The decay of the French political class
As the election approaches, the two main parties are becoming irrelevant.
‘Mr Disloyal’ (‘Monsieur Deloyal’), screamed the front page of left-wing French newspaper Libération last week, beneath a photo of former Socialist prime minister Manuel Valls. It was a justified accusation: Valls had just announced his intention to vote for independent candidate Emmanuel Macron over Benoit Hamon, the official Socialist candidate, in the upcoming presidential election.
Valls said this was a question of ‘responsibility’ rather than ‘heart’. Hamon’s supporters didn’t hold back, labelling Valls’s move ‘shameful’ and ‘pathetic’. In his response, Hamon encouraged voters to ‘turn their backs’ on this kind of ‘old politics’, and described Valls’s decision as ‘another blow to democracy’. At the end of January, Hamon seemed to come out of nowhere to claim victory in the Socialist primary with 58 per cent of the vote. Valls trailed behind with only 41 per cent.
For runner-up Valls to turn around now and throw his weight behind Macron not only leaves a bitter taste, it is an abandonment of party loyalty. There has long been a chasm in the Socialist Party between its more staunchly left-wing faction, now led by Hamon, and its more reformist tendency, which President Francois Hollande leads in government. But Valls’s disloyalty is nevertheless a stark development.
No doubt, Valls is attempting to keep himself in the political game. Macron is the favourite to win the election, but with no official party – just his ‘En Marche‘ movement – he will need to make some strategic alliances with members of the main parties to ensure a majority in the French parliament. But the decision by Valls and other Socialists to back Macron risks further undermining their party. A commentator for French newspaper Le Parisien said Valls’s treachery was the ‘final nail in the coffin’ for the Socialist Party.
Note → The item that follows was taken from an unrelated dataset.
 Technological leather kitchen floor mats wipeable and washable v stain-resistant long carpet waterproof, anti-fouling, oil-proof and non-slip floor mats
What’s more, it may backfire spectacularly. Republican candidate Francois Fillon was thrilled about Valls’s announcement. ‘It’s what I’ve always said, Emmanuel Macron is Francois Hollande’, said Fillon. This could well be a gift for the conservative candidate, who has plunged in the polls due to an ongoing investigation into allegations he paid his family members for doing fake jobs. The Valls endorsement will only align Macron with the government in the eyes of voters, a government whose leader is the least popular French president in modern times. On Thursday, the day of the announcement, the hashtag #EmmanuelHollande was trending in France.
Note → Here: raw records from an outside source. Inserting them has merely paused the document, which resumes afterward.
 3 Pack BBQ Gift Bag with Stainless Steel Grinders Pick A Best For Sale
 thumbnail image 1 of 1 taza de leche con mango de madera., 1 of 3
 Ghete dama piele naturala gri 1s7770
But Fillon can hardly be complacent. Over the weekend it was reported that a close ally of former conservative president Nicolas Sarkozy, Christian Estrosi, had a meeting with Macron. It seems Sarkozy has also given up hope on his party’s candidate and is looking to make an alliance with Macron. Clearly the Republicans are hoping to claw back power through the National Assembly elections in June.
Backroom deals and the occasional bit of backstabbing are to be expected in the world of politics. But the scandals in Paris of late reveal a political class in a fight for its own survival. There are less than 20 days to go until the first round of voting and, according to the most recent BVA poll, the independent Macron is ahead of Front National leader Marine Le Pen by just one point, 25 to 24. The leading left-wing candidate is now far-left party leader Jean-Luc Melenchon, with 15 per cent of the vote, compared with Hamon’s 11.5 per cent. France’s two main political parties are nowhere to be seen.
This election has thrown a spotlight on the corrosion of the mainstream parties. Of course, this is not unique to France. Across Europe, traditional parties are scrambling to hold on to their voters. From Holland to Britain to Italy, parties can no longer count on their traditional supporters. Voters are no longer willing to put up with more of the same technocratic politics, in which the main parties are almost indistinguishable. But there remains no real inspiring alternative to the status quo. Even Macron, a former Socialist and banker, is an insider posing as an outsider.
But, in the run up to the presidential election, French politics is in a particularly dire state. Both the Socialists and the Republicans are riven with divisions, with prominent members unwilling to support their own democratically elected candidates. The conservatives are besieged by scandal and the left are jumping ship. French commentators are already foreseeing the end of the Socialist Party, but the conservatives are not faring much better.
This election has become incredibly volatile and unpredictable. But one thing we can count on is the havoc it will wreak on the mainstream parties.